Stellenbosch University
Welcome to Stellenbosch University
The Cape Town Carnival & SU work together towards social cohesion, employment & inclusive economic development
Author: Transform Marketing
Published: 14/03/2018

​​​​The Cape Town Carnival, a Social Impact initiative under the leadership of Stellenbosch University’s Professor Rachel Jafta, is a spectacular experience of colour, creativity and diversity for spectators who flock to the famous Green Point Fan Walk year after year. The team behind it all has been working tirelessly for close to a year to bring the 2018 edition of this beloved annual event to life.​

Featuring close to 1 700 dancing, singing and instrument playing performers and magnificently designed and fantastically intricate floats, all around the theme Mother City, Mother Nature, the 2018 Carnival will kick off at 19h00 on Saturday 17 March.  

catepillar.jpgStellenbosch University’s involvement with the Carnival this year includes a new feature: Cape Town Carnival 2018 will see the participation of 20 American International Scholars; a program of Stellenbosch University. American Institute For Foreign Study (AIFS) seeks to facilitate uplifting South African experiences for foreign students and they are twinning with Believe in Schatzi (BiSO) by providing food for the BISO participants for rehearsals and event day. BiSO is an NPO that assists young adults and children living with disabilities to develop greater independence, social confidence, and the skills required to lead self-driven lives. Both organisations are participating in the Cape Town Carnival for the first time this year and their collaboration as the ‘Caterpillars’ (AIFS) and ‘Insect Orchestra’ (BiSO) is also a great example of the Cape Town Carnival’s efforts to promote social inclusion/social cohesion.​

Power for positive change

carnival_body.jpg“The Cape Town Carnival reaches more than 5000 community members in the broader Cape Town Metropolitan area and some rural areas, as well as about 55000 spectators annually.
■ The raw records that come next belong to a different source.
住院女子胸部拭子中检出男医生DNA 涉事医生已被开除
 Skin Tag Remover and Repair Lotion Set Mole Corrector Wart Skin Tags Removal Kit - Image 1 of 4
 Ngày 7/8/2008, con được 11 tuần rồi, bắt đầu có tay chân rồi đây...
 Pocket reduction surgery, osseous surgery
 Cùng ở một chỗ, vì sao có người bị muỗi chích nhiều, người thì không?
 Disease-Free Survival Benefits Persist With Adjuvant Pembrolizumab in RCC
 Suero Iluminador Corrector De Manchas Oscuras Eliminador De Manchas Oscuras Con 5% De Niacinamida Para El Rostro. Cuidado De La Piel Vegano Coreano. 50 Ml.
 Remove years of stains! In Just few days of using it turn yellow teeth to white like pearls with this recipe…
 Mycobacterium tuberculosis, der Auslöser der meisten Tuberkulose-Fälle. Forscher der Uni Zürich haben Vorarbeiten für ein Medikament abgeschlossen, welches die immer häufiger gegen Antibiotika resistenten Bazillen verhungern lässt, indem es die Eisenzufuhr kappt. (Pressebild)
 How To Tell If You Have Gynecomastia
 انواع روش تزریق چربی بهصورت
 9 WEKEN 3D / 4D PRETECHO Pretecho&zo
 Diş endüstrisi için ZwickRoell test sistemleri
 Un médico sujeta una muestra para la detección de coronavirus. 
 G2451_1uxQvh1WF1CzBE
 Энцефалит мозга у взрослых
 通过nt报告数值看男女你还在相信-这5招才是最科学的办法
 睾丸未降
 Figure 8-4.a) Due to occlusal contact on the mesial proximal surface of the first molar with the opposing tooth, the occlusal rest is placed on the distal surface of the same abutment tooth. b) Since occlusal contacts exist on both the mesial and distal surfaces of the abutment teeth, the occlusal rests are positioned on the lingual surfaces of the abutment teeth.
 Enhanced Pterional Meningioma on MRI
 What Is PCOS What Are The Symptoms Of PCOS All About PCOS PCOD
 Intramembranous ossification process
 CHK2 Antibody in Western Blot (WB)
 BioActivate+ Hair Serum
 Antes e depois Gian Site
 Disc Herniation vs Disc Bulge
It contributes about R41 million to the local economy, creates jobs and enterprise development, and skills transfer opportunities,” says Prof Rachel Jafta who is based in the Department of Economics at Stellenbosch University and Chair and founding trustee of the Cape Town Carnival.  “The University is a knowledge partner sharing its expertise with participating communities. The Carnival also offers opportunities to gain research data and conceptualise research questions that can lead to collaborative solutions with the participating communities,” she says. 

“One of our main aims is to foster social cohesion through the Cape Town Carnival. Independent research indicates we are having significant impact in this regard, bringing participating communities and the public together in a safe and celebratory space every year," says Jay Douwes, CEO of the Cape Town Carnival. “Participants and spectators are united in love of the Mother City and pride in South African diversity."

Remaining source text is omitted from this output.